# ANTS/ARENA/FRAMEBOXX. Which is good?



## mani.1984 (Dec 21, 2008)

I have completed BE(Computer Science) & I am in IT industry since 2 years. Now I have decided to pursue career in Animation since I have passion for drawing and painting & I wanted to do animation since long time.

I enquired the course & fee structure details in ANTS,ARENA & FRAMEBOXX. Which one is better out of these 3? FRAMEBOXX is bit costly than the other 2.

What minimum salary can I expect if i do 1-1.5 years course ( 3D ).  Currently I am getting 25k/month.


----------



## Deleted member 26636 (Dec 21, 2008)

well....animation...the big question..i'll tell you no matter what the duration of the course is you'll start with no more than 15k..& thats the max(I am currently a student at MAAC, andheri-w,mumbai)...as for a 1.5 yrs course..thats the worst..join a shorter course..it'll make no difference.

if you really want to learn animation in india, then join frameboxx, it has some good specialisation programmes. MAAC is decent but courses at frameboxx are more industry oriented. MAAC is well known only because it is old. Frameboxx opened only at the begining of this year but its courses are better. And the fact is frameboxx is opened by senior technical staff from MAAC.many old & experienced faculty members are its founder. Believe me it will guide you well. But the most important thing you should do is go to the institutes & talk to students & not the management staff.if you can, check out student works of the institutes.
Since you've completed your graduation, i advise you to join a shorter 6months-1yr course that has 1 or 2 softwares.theres no use learning all the softwares that these institutes teach because in the end you'll have to specialise in one single department and prepare a portfolio/showreel that showcases your best work in that particular department.during interview,the animation studios will ask you questions from your field & wont even ask you how many softwares you know.try to choose a course that has- basic sketching/drawing, photoshop, maya(it is preferred over max in studios) & any one compositing/editing software like after effects.the combination of these softwares will effectively guide you through the world of animation/visual effects & will be enough for you to prepare your showreel.the industry demands a master of one & not a jack of all trades.
Remember to talk to students.you can also visit tasi.com for more info.

one word of caution..animation in india is yet to reach a mature stage both in terms of training & production..the institutes here do not employ well trained faculties..you will be better off joining a foreign institute than one in india..

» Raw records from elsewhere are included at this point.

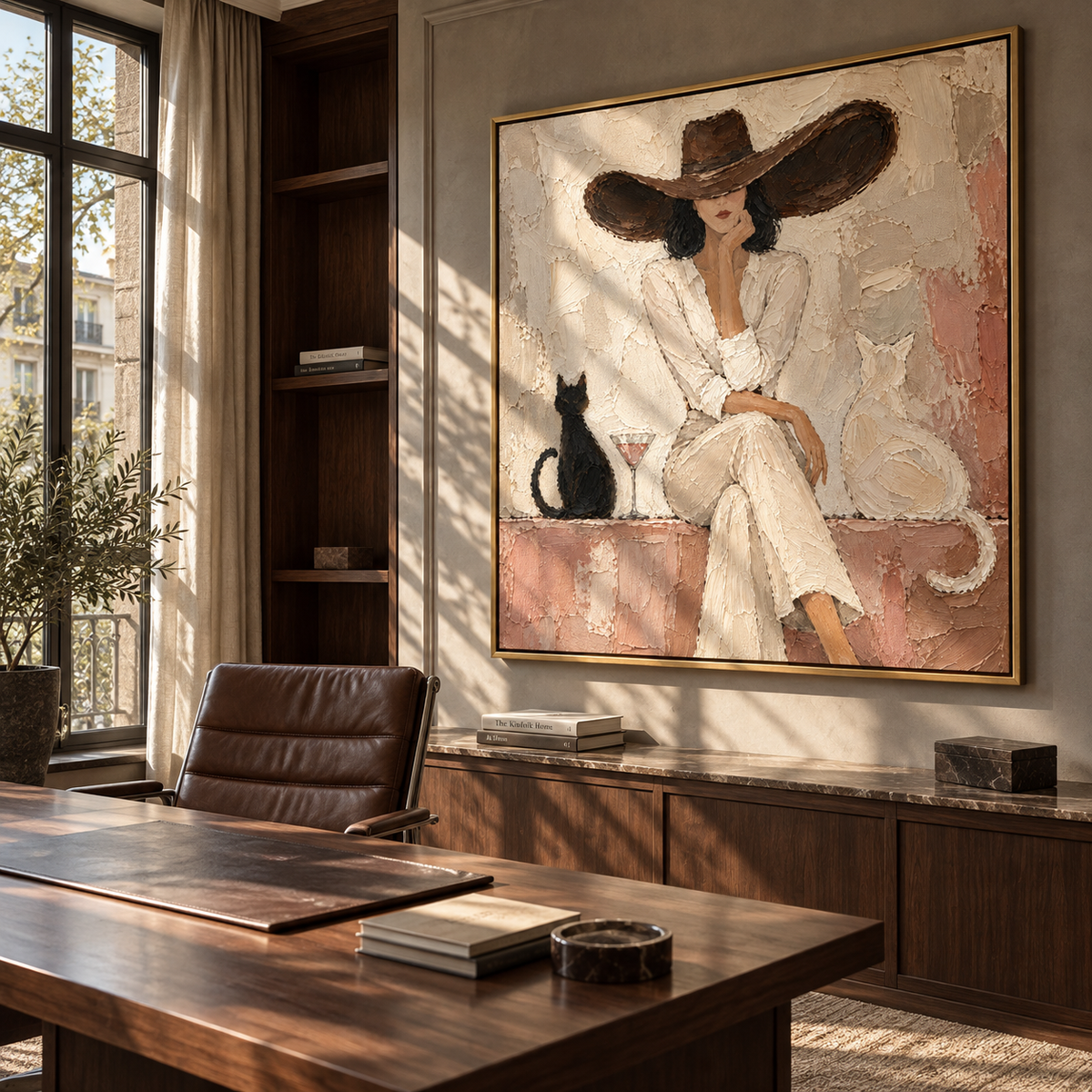 Martini Between Two Cats – textured fashion artwork shown in an alternate interior setting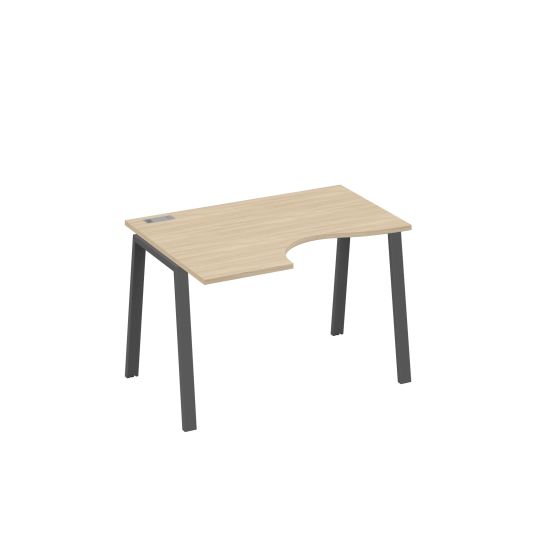 Стол Классика на металлокаркасе TRE левый эргономичный дуб скандинавский / металлокаркас антрацит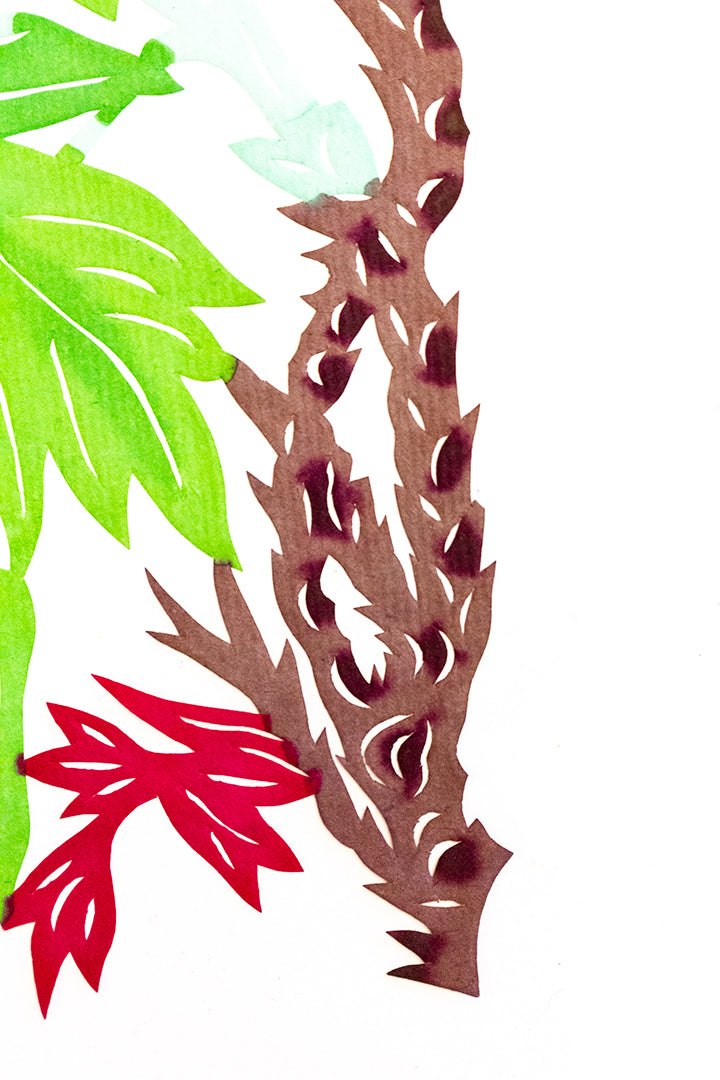 Vintage Japanse kirigami papierknipkunst met bloemen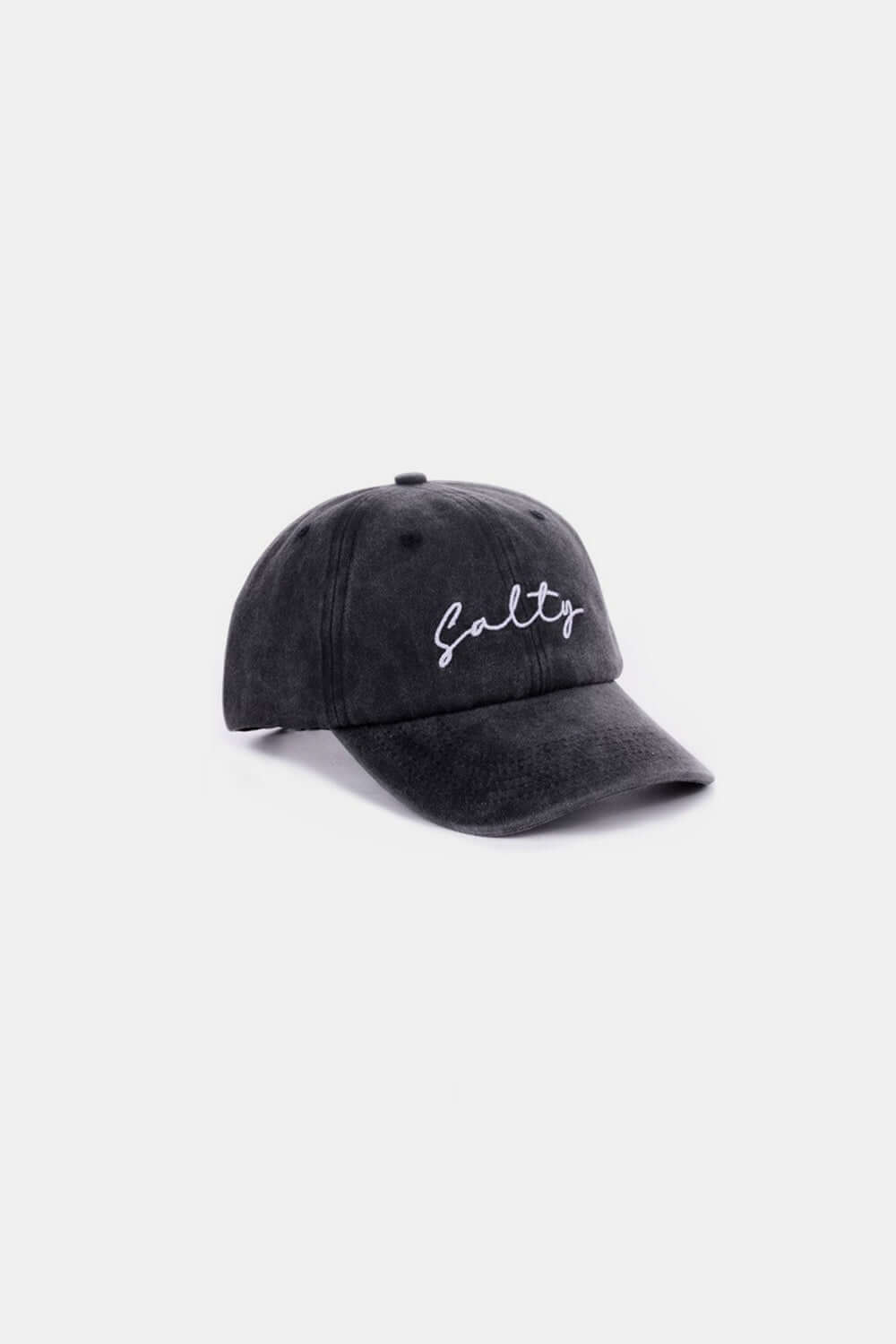 SALTY Embroidered Vintage Washed Baseball Cap with Retro Charm and Laid-Back Style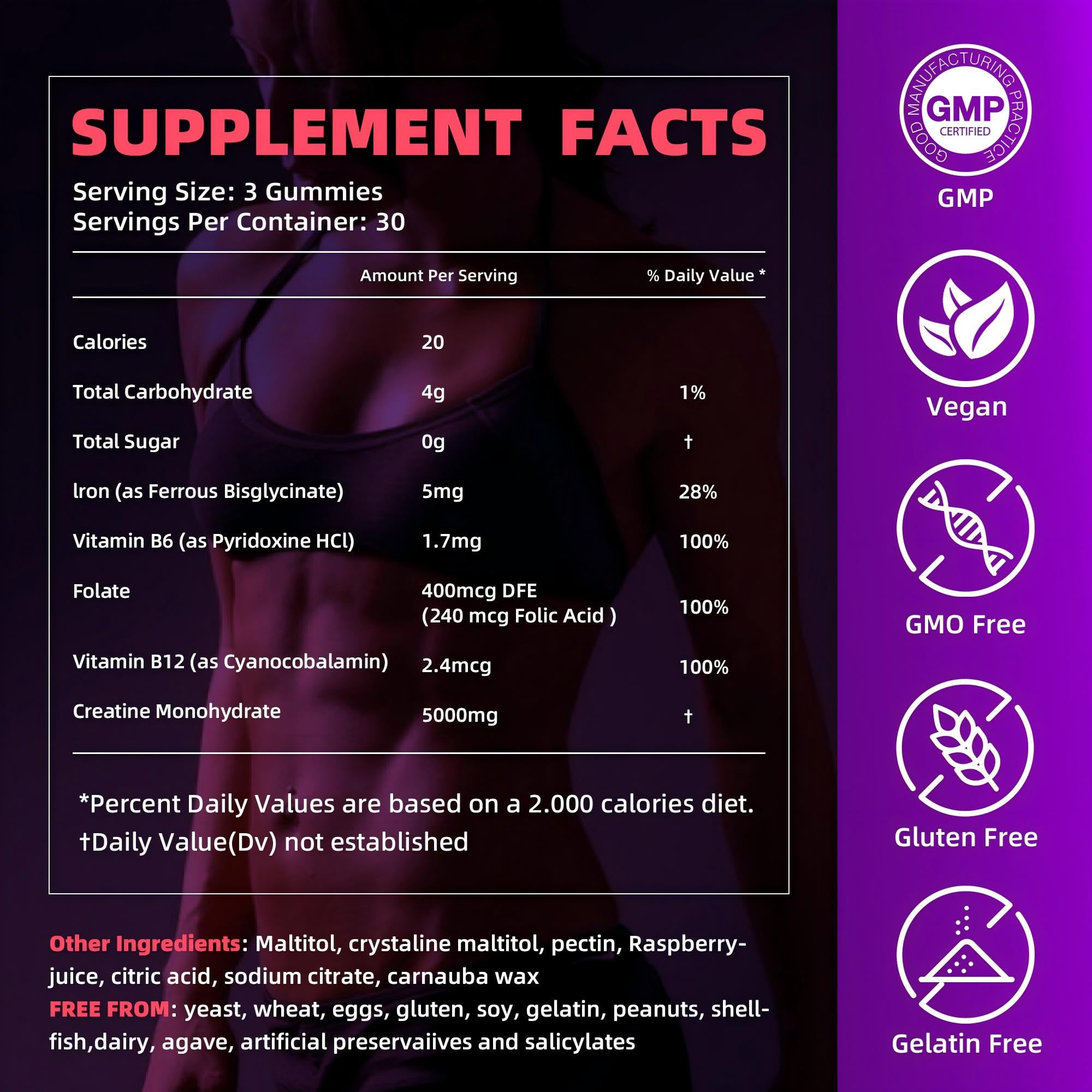 IRIDESICENT Creatine Gummies 90 count bottle side view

check this thread- *www.thinkdigit.com/forum/showthread.php?p=1019946#post1019946

BTW, you did your b.tech in comp.sc? wow,that was always my dream..to be a developer...sadly it didn't happen. anyway be very careful before changing lanes, you might regret it.


----------



## mani.1984 (Dec 22, 2008)

Thanks "767hsm.221bx " for your reply. I did visit Frameboxx & I was impressed with the institute & the courses but its bit costlier. Do you have any idea that which course is better for me? I will be taking Redboxx course but there are 3 types under that. RedBox1(15 months),RB2(20 months) & RB3(12 months). Please visit "*www.frameboxx.in/redboxx_d.cfm" if you need the course details & give me your suggestions. I was told to take RB1(15 months)


----------



## Deleted member 26636 (Dec 22, 2008)

i am not a student of frameboxx so cannot give you a review of their courses..from what i understand..the redboxx 1 course provides for specialisation which is what exactly is needed..BTW, if you are on orkut search for a frameboxx community & talk to its members..they will tell you openly everything about the institute & the course, when i first joined MAAC earlier in jan this year, i didnot know much about the course or specialisation, industry patterns, stuff like that. so i got cheated into joining an worthless long  term course,but after talking a lot to former students & passouts i have finally managed to shorten the duration. so i advise you to talk with the students of the institute before joining it...frameboxx has built a good reputation in a very short time, but only students can tell you how good it is.


----------